'Google play review scraping changes

Over the past year or so I have created a number of scripts to scrape Android app reviews from Google Play. In the past this was working fine by mimicking the Google Play interface to call https://play.google.com/store/getreviews with the necessary parameters and parse the HTML results.

The recent updates to the Google Play interface changed the HTML structure, but also seems to implement some kind of protection against scraping. There is now a "token" parameter which changes, presumably some kind of session ID, and which I have not been able to generate as I'm not sure of what seeds it.
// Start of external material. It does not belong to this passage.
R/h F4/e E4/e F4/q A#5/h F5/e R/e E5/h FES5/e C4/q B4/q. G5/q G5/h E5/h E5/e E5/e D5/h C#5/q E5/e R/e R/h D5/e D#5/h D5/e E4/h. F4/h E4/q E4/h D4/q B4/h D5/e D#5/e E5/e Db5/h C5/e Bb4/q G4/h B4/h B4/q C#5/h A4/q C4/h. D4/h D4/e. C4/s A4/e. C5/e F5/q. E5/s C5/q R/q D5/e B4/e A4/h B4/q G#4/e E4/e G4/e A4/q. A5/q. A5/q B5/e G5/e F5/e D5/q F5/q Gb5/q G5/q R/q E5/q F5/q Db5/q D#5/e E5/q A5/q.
Also I've found that it seems to block requesting clients that make multiple calls that don't conform to the interface, as after an unsuccessful call I can't even load the Google Play interface in any browser. After a while this seems to time out. Not certain of this, but it's what I've concluded from what I'm seeing.
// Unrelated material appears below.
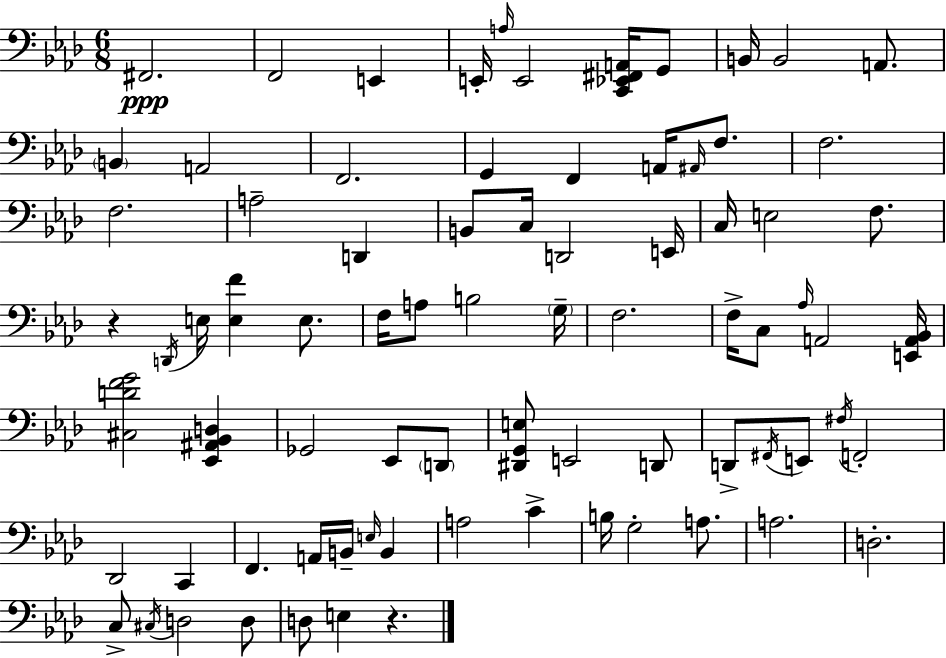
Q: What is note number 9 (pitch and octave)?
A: B2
Anyone found this similar problem, and found a way around it?

Thanks



Solution 1:[1]

In order to parse reviews data, you need to parse it from the inline <script> tags via regular expression. And then use a regular expression to parse user name, avatar, comment, and so on.
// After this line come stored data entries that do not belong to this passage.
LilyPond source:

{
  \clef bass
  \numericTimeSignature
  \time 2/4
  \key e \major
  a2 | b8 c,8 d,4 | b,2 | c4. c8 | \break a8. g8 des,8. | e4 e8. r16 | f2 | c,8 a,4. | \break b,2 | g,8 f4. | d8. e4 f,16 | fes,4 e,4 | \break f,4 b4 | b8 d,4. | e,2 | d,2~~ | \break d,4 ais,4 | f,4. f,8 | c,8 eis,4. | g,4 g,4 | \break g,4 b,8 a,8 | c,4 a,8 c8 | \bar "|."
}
To parse all reviews, you need to parse the next page token via regular expression as well and pass it to a POST request instead of GET.

Network tab:

enter image description here

Page source, somewhere in the <script> tags where you see the same page token:

enter image description here


Code and example in the online IDE to scrape the first 40 reviews:

# everything here could be refactored to look more simplifed

from bs4 import BeautifulSoup
import requests, lxml, re, json
from datetime import datetime

# user-agent headers to act as a "real" user visit
headers = {
    "user-agent":
    "Mozilla/5.0 (Windows NT 10.0; Win64; x64) AppleWebKit/537.36 (KHTML, like Gecko) Chrome/100.0.4896.127 Safari/537.36"
}

# search query params
params = {
    "id": "com.nintendo.zara",  # app name
    "gl": "ES"                  # country
}


html = requests.get("https://play.google.com/store/apps/details", params=params, headers=headers, timeout=30)
soup = BeautifulSoup(html.text, "lxml")

# temporary store user comments
app_user_comments = []

# https://regex101.com/r/SrP5DS/1
app_user_reviews_data = re.findall(r"(\[\"gp.*?);</script>",
                                str(soup.select("script")), re.DOTALL)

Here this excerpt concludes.